Последняя утопия. Права человека в истории - страница 8



. И все-таки сам по себе человеческий универсализм – включая его версии, представленные в греческой философии и монотеистической религии, – не имеет реального касательства к истории прав человека по двум существенным причинам. Во-первых, на протяжении тысячелетий эти источники предложили исходные ингредиенты для великого множества доктрин и движений; во-вторых, они делали это только во взаимосвязи с другими теоретическими компонентами, которые позже предстояло устранить как раз ради торжества «прав человека». И греки, и евреи требовали «справедливости», хотя и выводили ее из абсолютно разных природных и теологических источников. С тех пор возникло множество доктрин, ставших преемницами этого раннего универсализма11. Но непохожесть их постулатов, равно как и разнообразие оставленного ими наследия, делают приписывание им истоков современной морали просто нелепым. Иначе говоря, значение имеет не какой-то из многочисленных прорывов к универсализму, прежде имевших место в мировой истории, а лишь то, что конкретно помогло превращению идеи прав человека в единственный жизнеспособный вид универсализма, каковым они остаются и по сей день12.

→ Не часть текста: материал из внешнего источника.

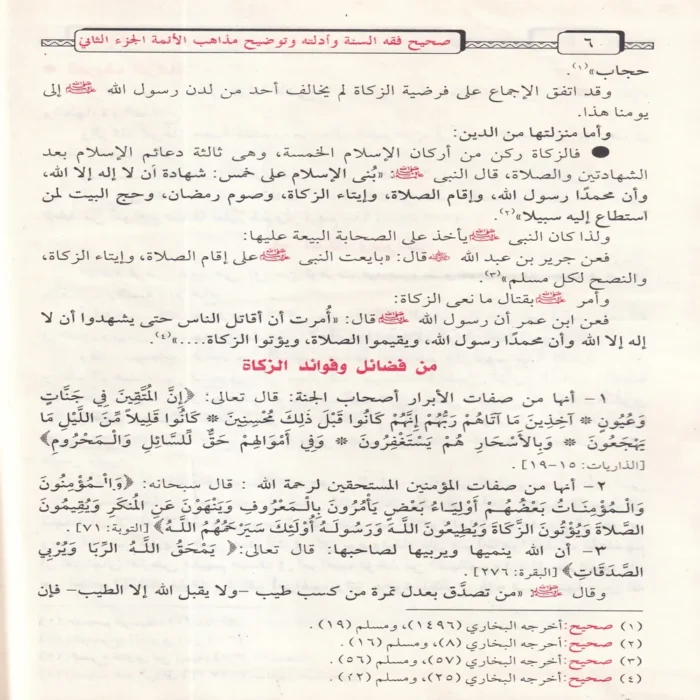 صحيح فقه السنة وأدلته وتوضيح مذاهب الأئمة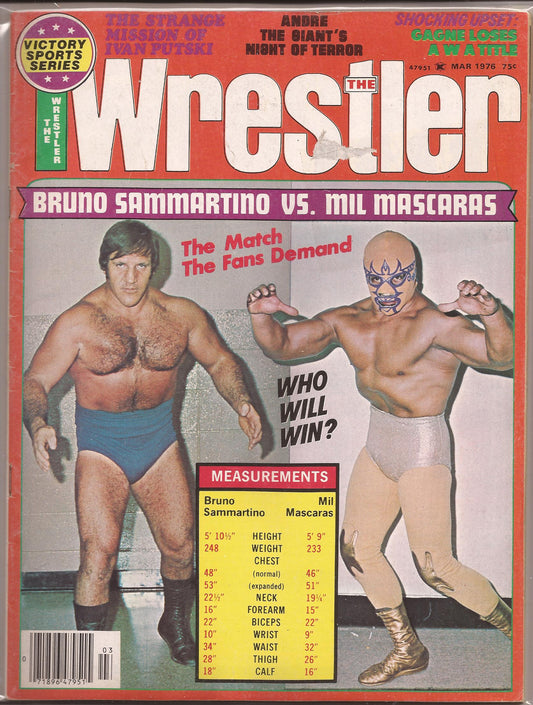 The Wrestler  March 1976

В конвенциональном плане ключевым приближением к современным представлениям считается «космополитизм» стоиков13. С точки зрения этих греческих и римских философов и поэтов, миром правит разум; поскольку все люди разумны, они оказываются членами одного и того же политического сообщества. Действительно, именно римляне – некоторые их выдающиеся мыслители испытали на себе глубочайшее влияние стоических идей – придумали сам концепт «человечества» (humanitas)14. Однако и это понятие в его изначальном виде, и сам космополитизм стоиков в своих импликациях не были даже отдаленно похожи на их современные версии. Разнообразные виды социальной эксклюзии, поощряемые или допускаемые в римской культуре, в том числе и в стоическом мировоззрении, с легкостью подтверждают такой вывод; достаточно посмотреть на бытовавшее тогда отношение к иностранцам, женщинам и рабам или же обращение с ними. Стоический «космополис» объединял всех людей, но отнюдь не ради реформистского политического проекта; он втягивал их в потустороннюю сферу разума, никак не связанную с социальным совершенствованием. Что же касается «человечности», то под ней понимался идеал личного превосходства в образовательном плане, а не какая-то глобальная реформа человеческой морали – только в наши дни стали мыслимыми такие ее коннотации, как «гуманный» и «гуманитарный». Действительно, согласно Арендт, если в Риме простая человечность и вызывала какие-то моральные ассоциации за пределами сферы обретения познаний, то она подразумевала вовсе не ценность, а, напротив, незначительность. «Интересно, что латинское слово „homo“, эквивалент нашему „человек“, – пишет она, – первоначально обозначало не более чем „просто человека“, то есть лицо, не обладавшее правом, – и раба в том числе»15.

Подобно стоицизму, христианство, вне всякого сомнения, тоже является универсалистской доктриной. Но быть сторонником космополитизма в той или иной его форме – это одно дело, а быть приверженцем именно прав человека – совсем другое дело. Следовательно, само по себе признание христианского универсализма не может служить аргументом, позволяющим приписать стоящей за ним религии сколько-нибудь значимый концептуальный или политический вклад в утверждение прав человека. Опираясь на предшествующие варианты универсализма, в особенности на идеи древнееврейских пророков, христианство на протяжении столетий породило несколько собственных разновидностей этой доктрины. Сначала его основатели в лице Иисуса и Павла представили апокалиптическое видение неизбежного утверждения царства Божьего на всей земле. Вскоре их религия предложила обнадеживающее послание кротким и сирым, обитающим в Средиземноморском регионе, а после того, как император Константин принял крещение, она помогла римским концепциям гражданской принадлежности переместиться из городов в провинцию. Еще через тысячу лет она легла в основу средневекового естественного права. И хотя эгалитаризм христианства широко известен, его культурные и политические импликации настолько различаются от эпохи к эпохе и от места к месту, что для приближения к современным моральным концепциям эту доктрину требуется радикально трансформировать.